The Custom brought unprecedented style to the medium van segment and combined it with the substance of class-leading driveability and innovative, practical load-lugging solutions that will serve used customers well, just as they have first-time buyers.
Due to its winning looks, a second-hand Transit Custom is a van small business owners and sole traders will be happy to have parked outside their houses safe in the knowledge that it’s a capable workhorse too.
The short-wheelbase model can take three euro pallets with a one-metre high load and second users will also enjoy the benefits of features that broke new ground when new.
One such feature is the integrated roof rack that drops seamlessly into the van’s roof when not in use. Three transverse bars are located in the recesses of the roof, saving the hassle of fitting and removing a rack, or saving money through the greater fuel efficiency and reduced drag of not having an unused roof rack fitted to the van.
The now much copied load-through facility in the Custom’s bulkhead is a clever answer to when operators are required to carry longer loads, such as piping or ladders. A hinged panel at the foot of the bulkhead opens up, extending the van’s load length by almost half a metre to 3.0m in the SWB or 3.4m in the LWB by running into a loadspace under the dual passenger seat.
The most car-like interior in the sector, together with reach and height adjustment for the steering wheel and extra setting options for the driver’s seat will add to the Custom’s appeal to used van buyers.
Ford is to introduce a facelifted Transit Custom next year, having already made some tweaks in 2016 when it introduced 2.0-litre Euro6 engines to replace the 2.2 drivetrains fitted at launch with outputs of 100hp, 125hp and 155hp, but in the meantime the original is making its presence felt on the used market.

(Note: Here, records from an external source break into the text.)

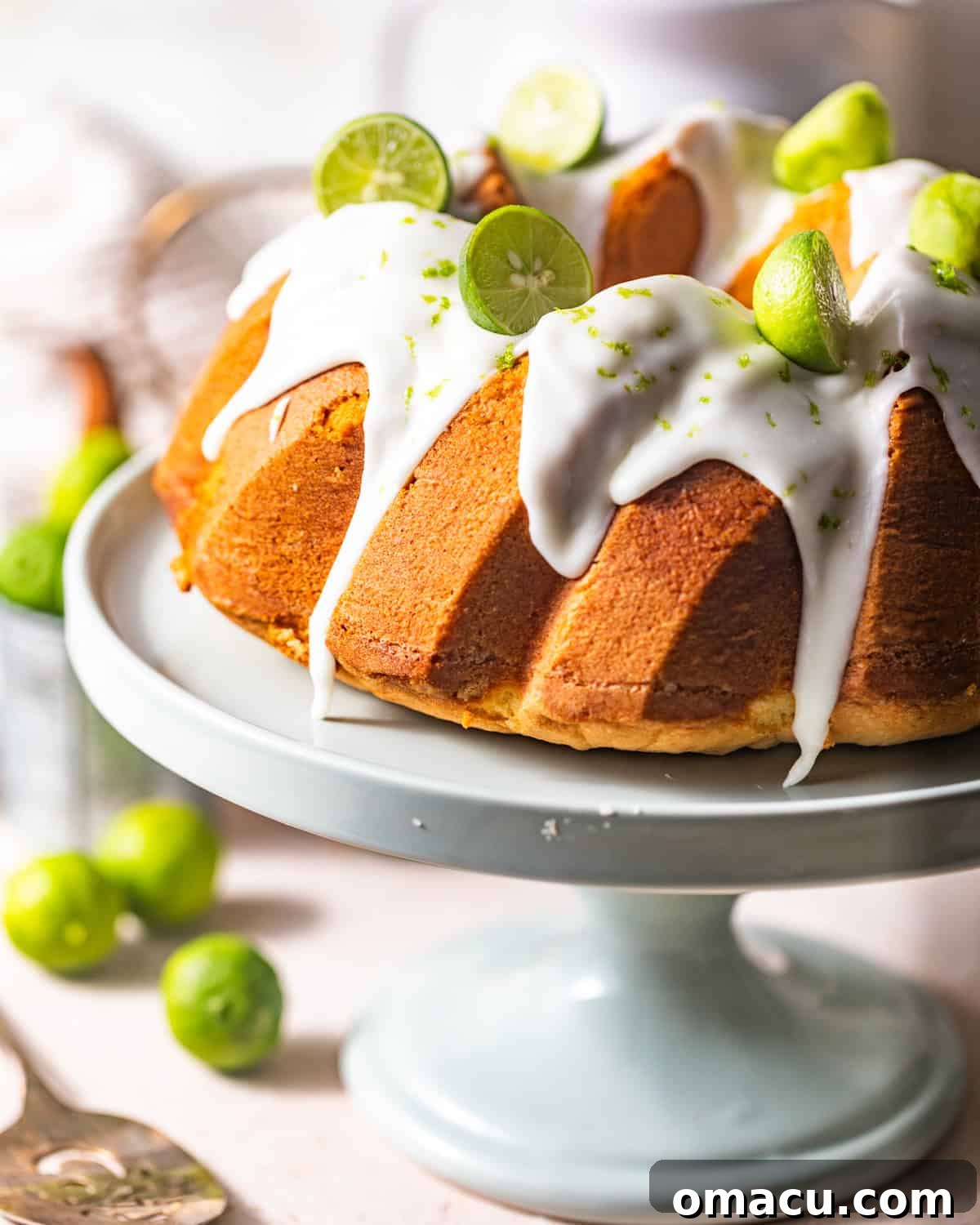 Key lime pound cake on a cake stand topped with key lime cream cheese glaze and fresh key lime zest.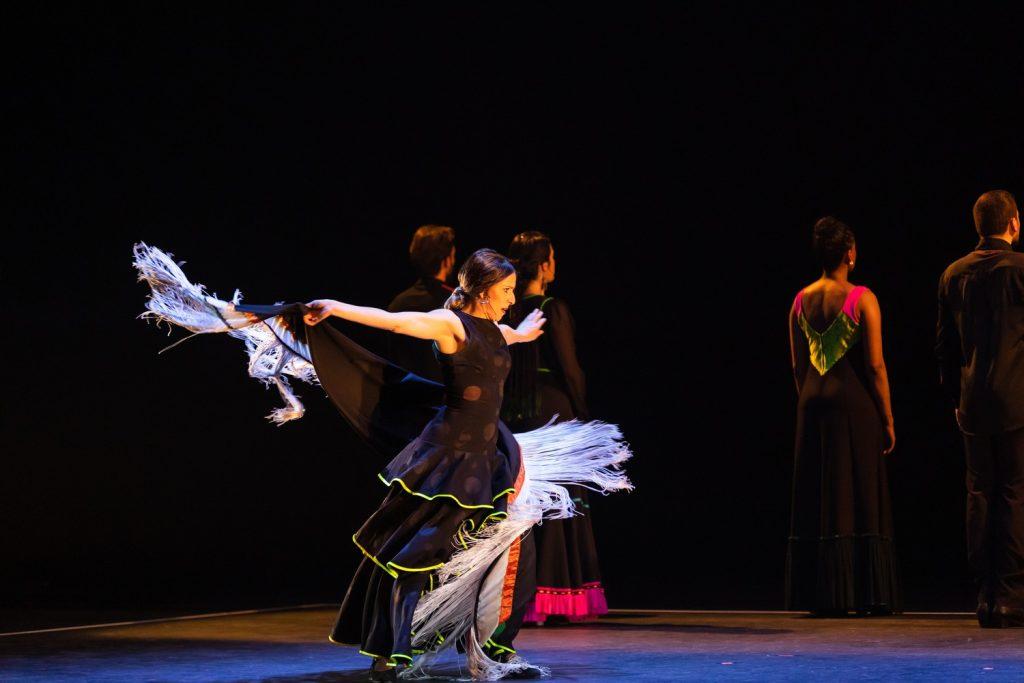 A bailaora (female flamenco dancer) fans her arms behind and moves her tasseled falda (flamenco skirt) as the rest of the troupe turns behind her at Smothers Theatre on March 21. Flamenco dancing resulted from the Roma migration to Spain in the ninth century, according to Britannica.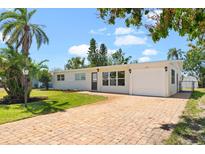 Charming single-story home with brick driveway and well-manicured lawn at 6732 Washington Pl, Bradenton, FL 34207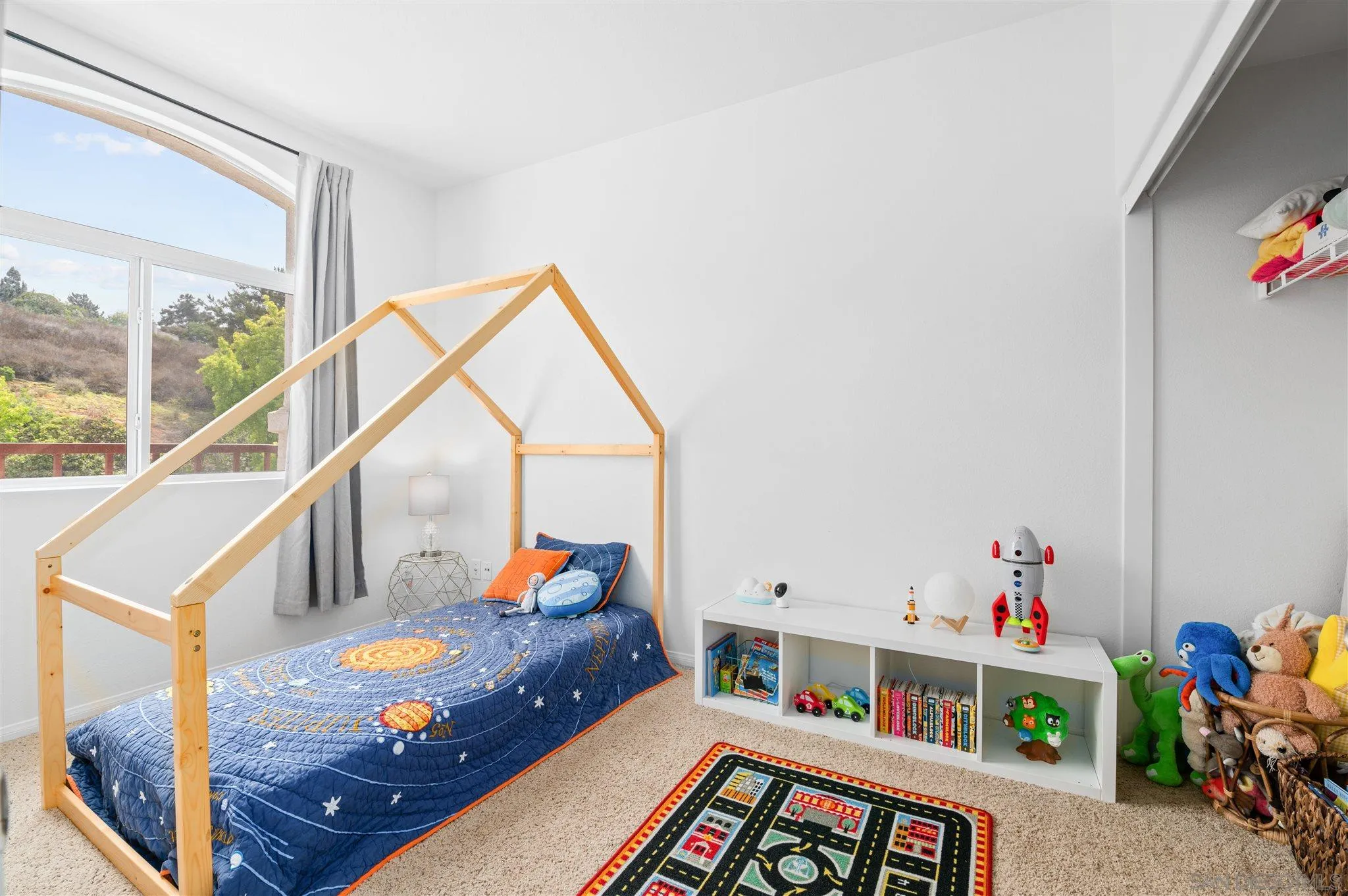 798 Windridge Circle San Marcos, CA 92078 - Photo 18 of 31 a bedroom with furniture and a window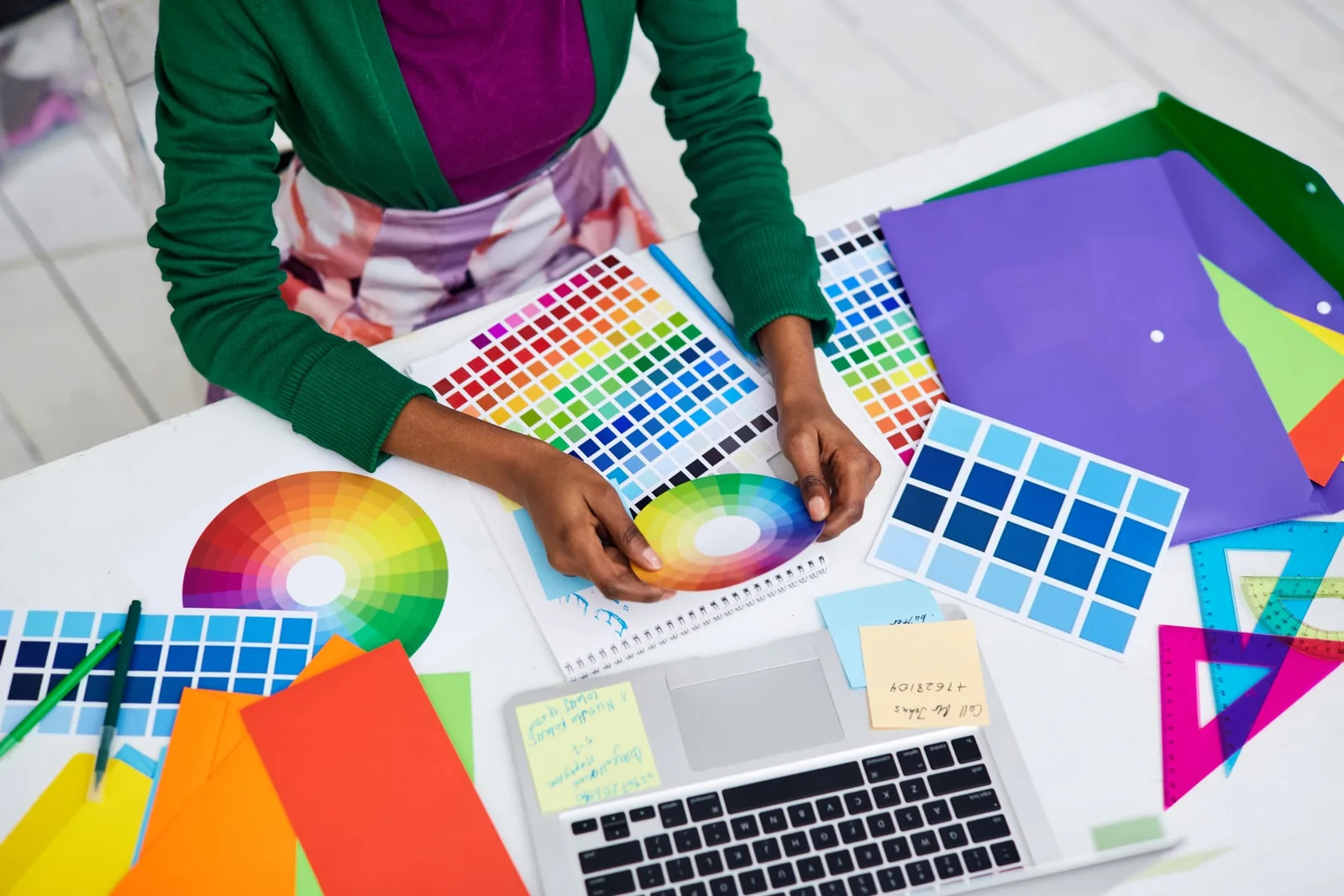 Designer comparing colour swatches and fabric references before preparing a product brief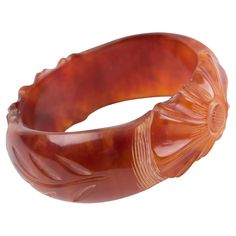 This stunning red tea marble Bakelite carved bracelet bangle features a chunky domed shape with deep floral carving. Its bold and beautiful design displays two large sculpted flowers with leaves in between and a thick-walled pattern. The amber-marbled color of red tea with cloudy swirls and transparency will bring an exotic and luxurious touch to finish your next outfit. Measurements: Inside across is 2.57 in diameter (6.5 cm) - outside across is 3.32 in diameter (8.4 cm) - width is 1.13 in (2.8 Wooden Bangle, Red Tea, Bakelite Jewelry, Stone Bangle, Marble Colors, Next Clothes, Jewelry Inspo, Bangle Bracelets, Beautiful Design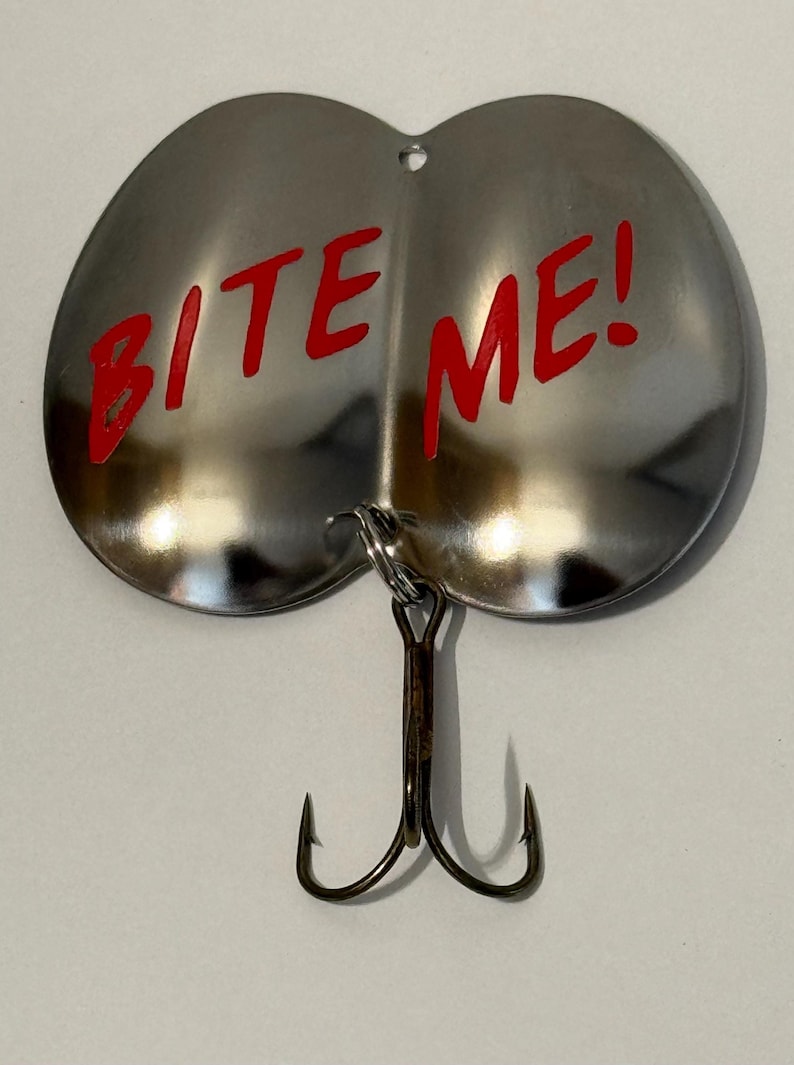 Puede incluir: Un se&ntilde;uelo de pesca plateado con dos anzuelos. El se&ntilde;uelo tiene forma de dos mitades redondeadas y tiene las palabras "BITE ME!" escritas en rojo en la superficie.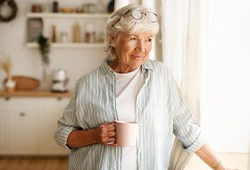 Senior woman looking out window while drinking tea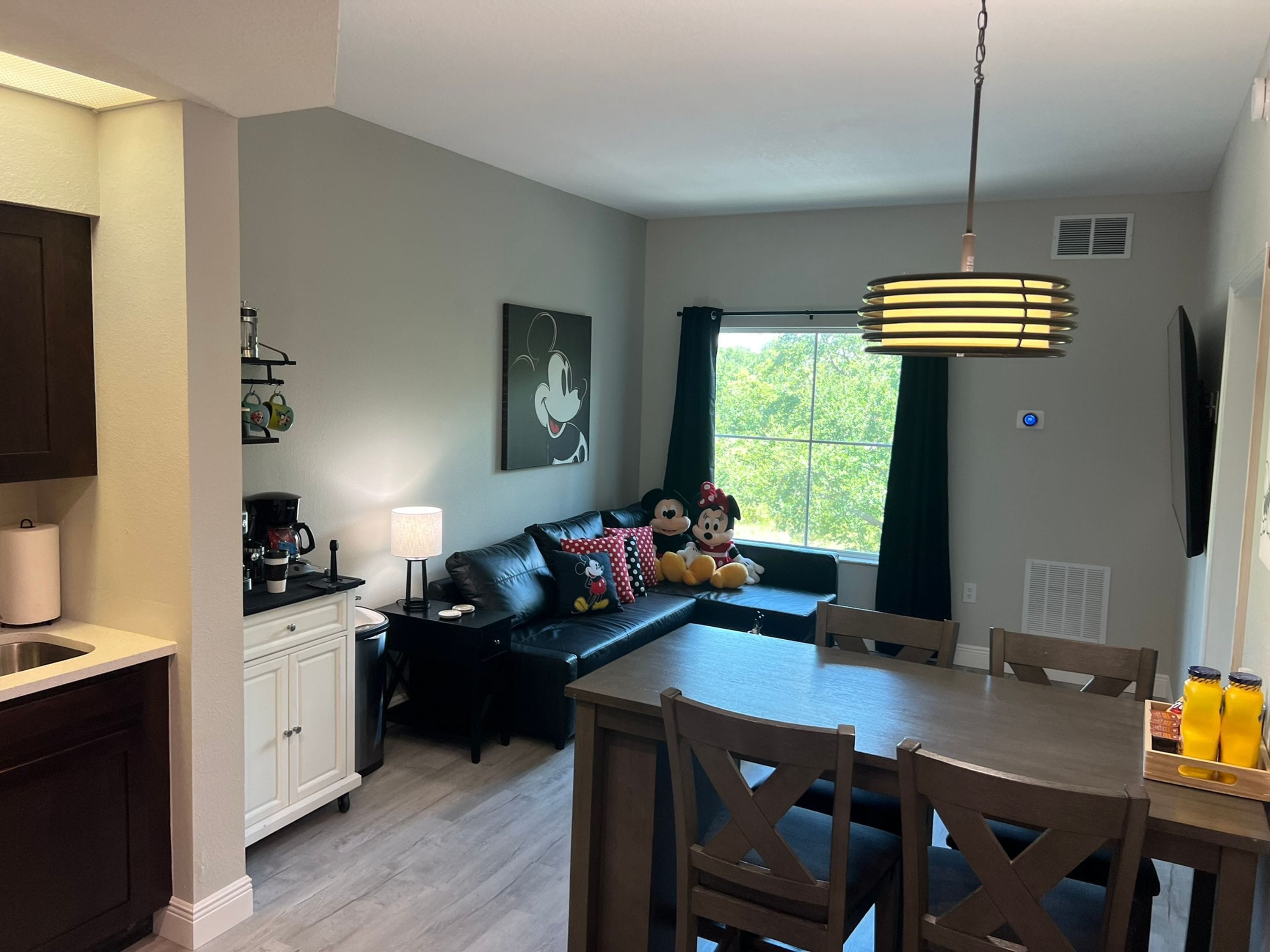 A modern kitchen with dark cabinetry, a dining area with a wooden table and chairs, a black leather sofa with plush toys, and a large window with curtains.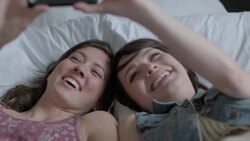 Two young women take selfies with smartphone in bed Stock Footage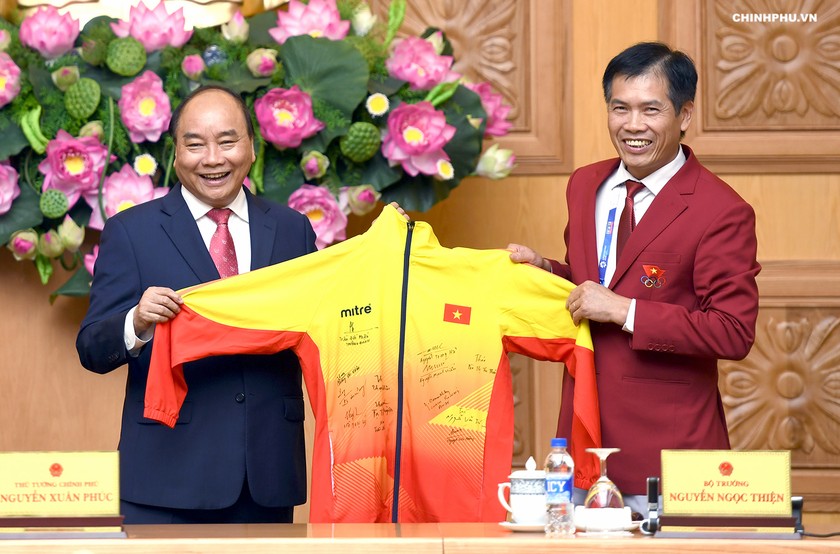 Thủ tướng nhận quà là chiếc áo đồng phục của Đoàn thể thao Việt Nam có chữ ký của các vận động viên đoạt huy chương tại ASIAD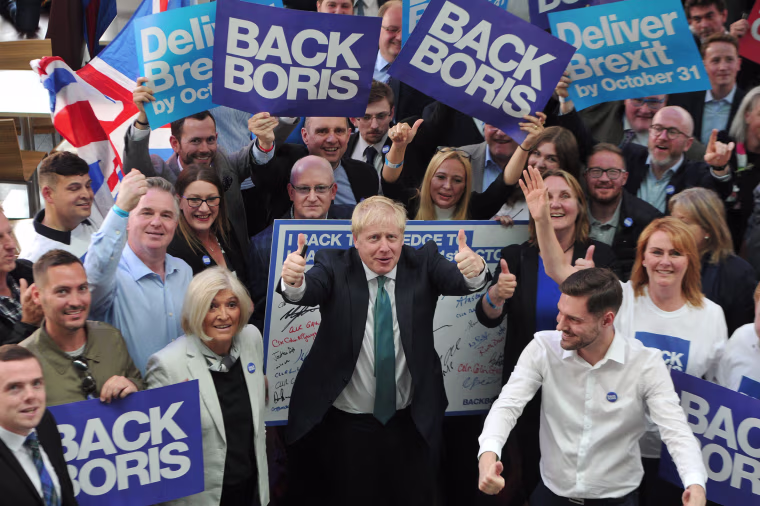 Image: Boris Johnson poses with supporters before a Conservative Party event in Perth, Scotland, on July 5.
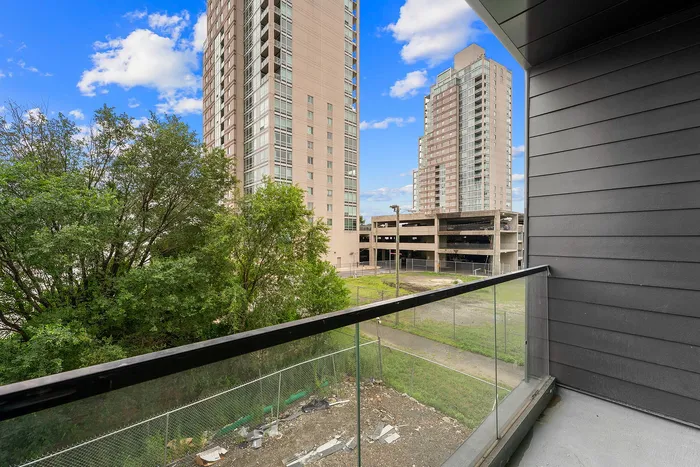 Chic balcony view showcasing modern high-rise buildings and lush greenery against a vibrant blue sky.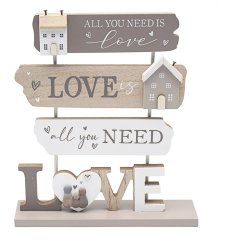 A standing shabby chic wooden plaque adorned with a loving quote. 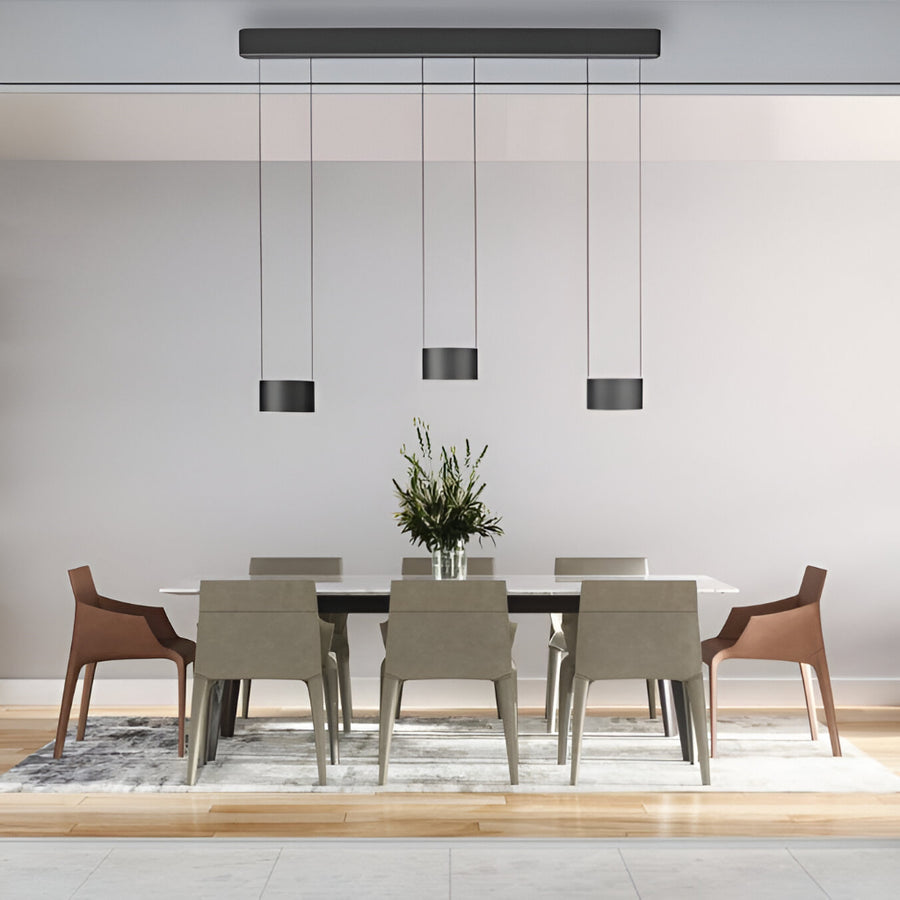 Modern dining room with a table and chairs under height adjustable chandeliers. 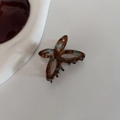 Detail of tortoise shell acetate butterfly hair claw clip on white textured background - Glazed Glass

This is what Andy Picton, Glass’s commercial vehicle editor, says about it: “The Transit Custom has been available since 2013 and is seen as good value for money in the used market. Available in four trim levels – Base, Trend, Limited and Sport – two lengths, two heights and with numerous power outputs, there is literally something for everyone regardless of budget. The dealer network is good from a support point of view and parts are competitively priced. Residually, values are strong with lots of demand for the nicest examples.”
Citroen launched a facelifted version of its big-selling light van in 2015 with Euro6 VTi 95 petrol and Blue HDi 100hp and 120hp diesel powertrains. The van was previously marketed with Euro5 HDi 75hp and 90hp diesel engines.
The Berlingo comes in two lengths, three trim levels, with XTR+ enhanced traction, and as an electric van, a crew van and a platform cab. It is also up for grabs with stop/start, manual five- and six-speed gearboxes, and Citroen’s ETG6 semi-auto transmission.
The greenest version is the BlueHDi 100 S&S ETG6 L1 625 LX model with official fuel consumption of 68.9mpg and CO2 emissions of 109g/km. This betters the most economical pre-facelift Berlingo, which returned an already frugal 62.8mpg and 118g/km of CO2.
According to Andy Picton, Glass’s commercial vehicle editor, the higher-specification Enterprise trim is the one used buyers want, especially in a metallic colour. “Bearing in mind its competitive list price, used values hold up remarkably well,” says Picton.